If you keep one thing from this chapter, keep this: a foundation model is not a single artifact but the frozen output of a distributed system that had to be engineered end to end, sized by scaling laws, fed by a petabyte-scale data pipeline, trained by composing every parallelism and fault-tolerance axis of this part into one multi-week run, aligned into usefulness across machines, and paid for in energy and dollars that demand an honest accounting. Read forward, the sections build the system in the order it is actually constructed: first the systems framing and the scaling laws that decide how big to build, then the data pipeline that is most of the real work, then the orchestration that runs the job, and finally the alignment and cost accounting that turn the raw model into something useful and count what it took. Read as a question, the chapter asks of any frontier run: how do you decide its size before spending a dollar, how do you assemble and clean the trillions of tokens it eats, how do you keep thousands of accelerators descending the same loss for weeks, how do you make the result helpful, and how do you justify the bill. The roadmap below walks the nine sections that answer it.

Chapter Roadmap

Read the nine sections in order and you will hold a working blueprint for the most ambitious distributed system in the book: Section 19.1 reframes the whole undertaking as one system, Section 19.2 sizes it from a compute budget, Sections 19.3 through 19.5 build and clean and tokenize the trillions of tokens that feed it, Section 19.6 orchestrates the run that trains it, Sections 19.7 and 19.8 adapt and align the result into something useful, and Section 19.9 counts the cost.

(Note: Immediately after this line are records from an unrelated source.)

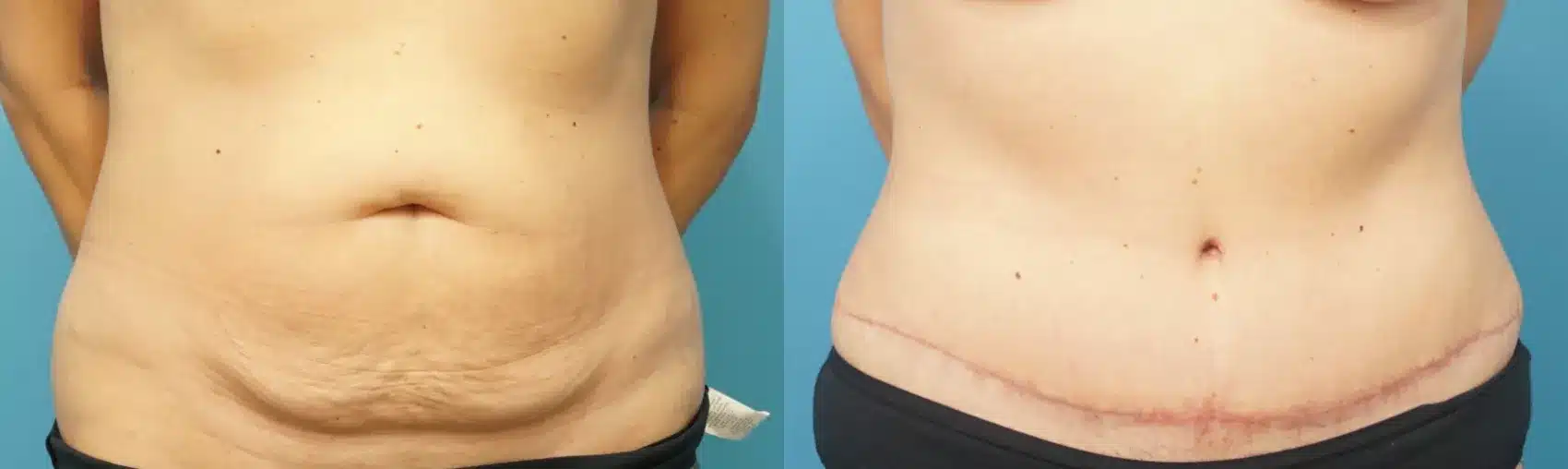 Before and After Image: Case #281 - front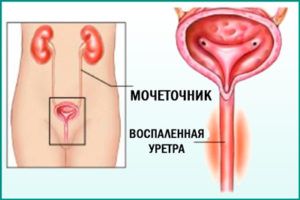 Уретрит у женщин
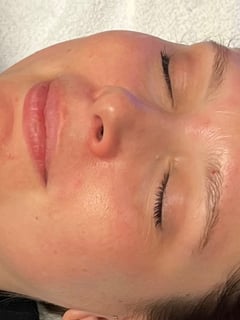 View Facial, Skin Treatments - Altie Thomas, Frisco, TX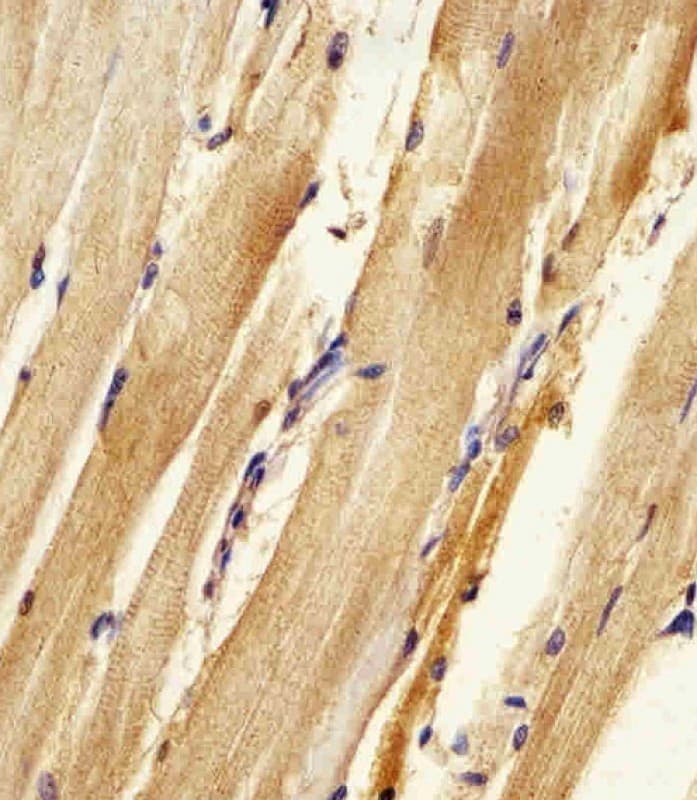 AK2 / Adenylate Kinase 2 Antibody (aa3-39)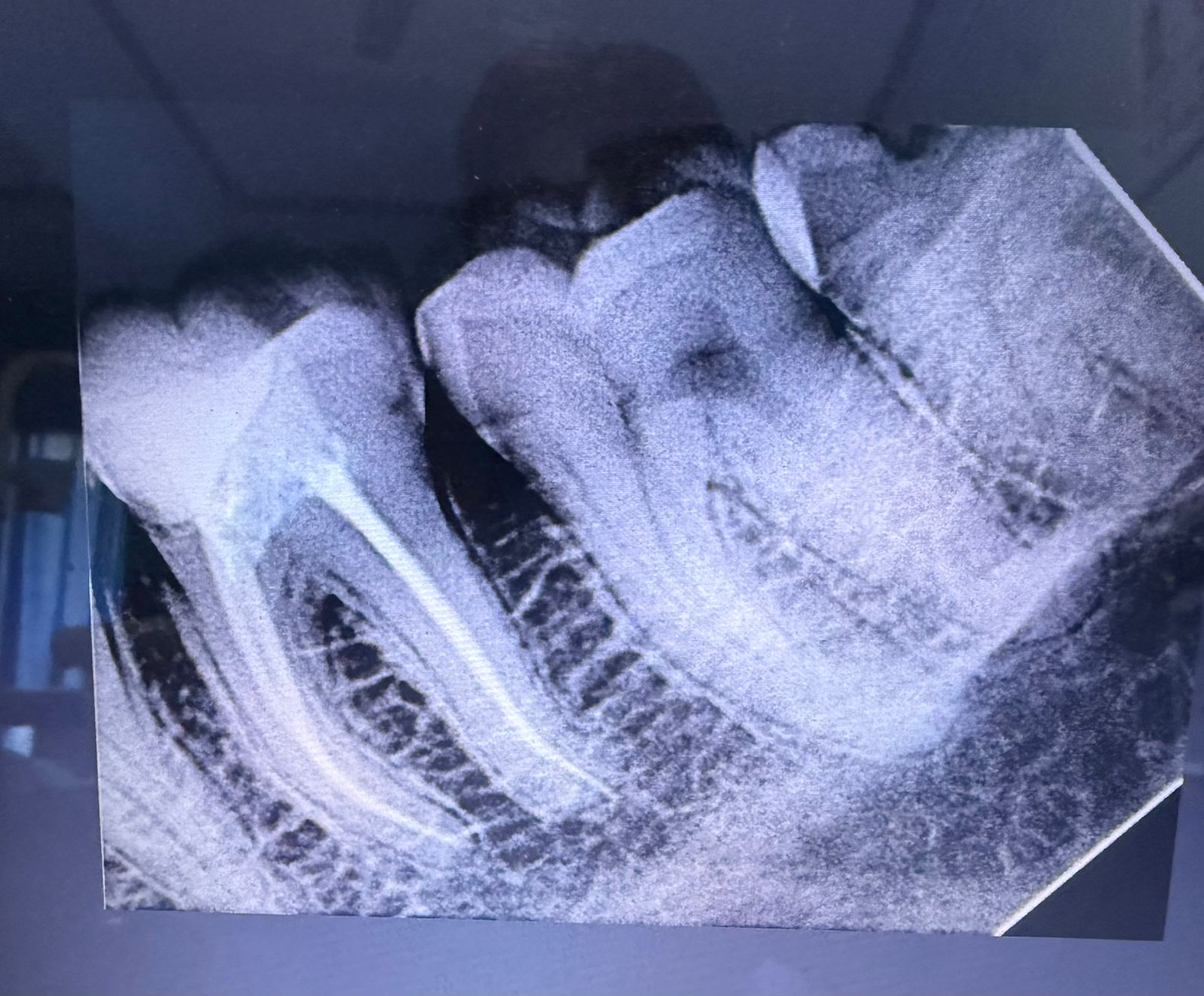 single visit root canal treatment (RCT)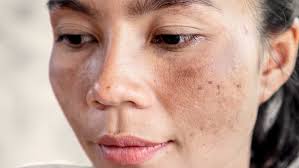 Image result for Melasma
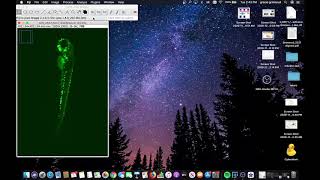 ImageJ Tutorial [upl. by Edd]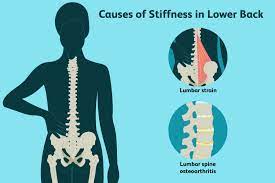 causes and treatment of low back stiffness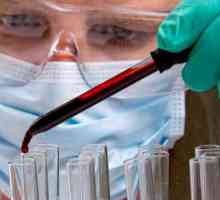 Серологични тестове на кръвта при диагностициране на заболявания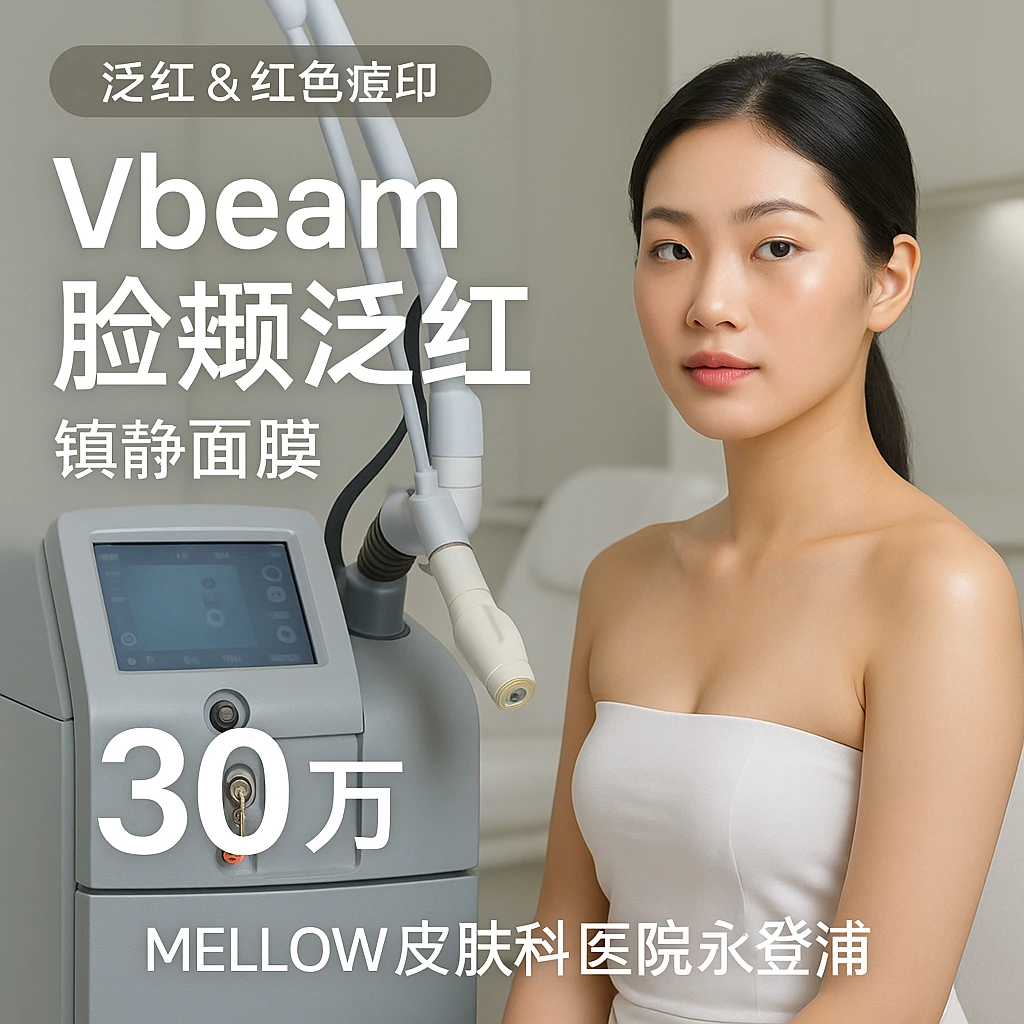 Vbeam 脸颊泛红 (镇静面膜)
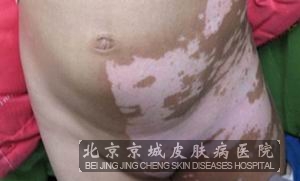 综ߵʳʲô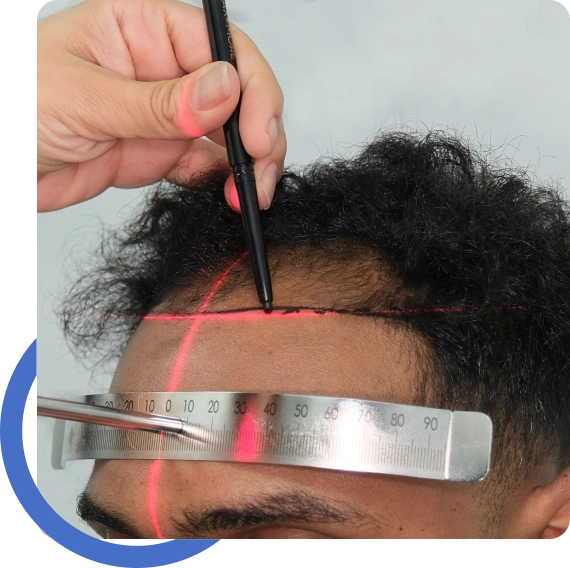 Wavy Hair Transplant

The thread to watch is the rest of the book reappearing as load-bearing infrastructure: the Chapter 6 shuffle inside deduplication, the Chapter 4 all-reduce inside every step, and the Chapter 18 fault tolerance keeping the whole multi-week run from losing a single irreplaceable hour.

What's Next?

This chapter trained, adapted, and aligned a foundation model by composing every axis of parallel deep learning into one supervised run, but it treated the data as a fixed corpus that arrives, gets cleaned, and is consumed. The next chapter relaxes that assumption in the most demanding way possible. Chapter 20: Distributed Reinforcement Learning Infrastructure turns to the setting where the training data does not exist until the model itself generates it, where actors roll out experience against an environment while learners consume it, and where the central engineering problem becomes keeping sampling throughput and learning throughput in balance across a cluster. The alignment-by-reinforcement-learning machinery you met at the end of this chapter is one instance of that infrastructure; Chapter 20 builds it in full, developing the actor-learner architecture, distributed experience collection and replay, off-policy correction at scale, and the synchronous-versus-asynchronous tradeoffs that decide whether an RL system saturates its accelerators or starves them. Read it next, and watch the data pipeline of this chapter become a feedback loop that the model itself drives.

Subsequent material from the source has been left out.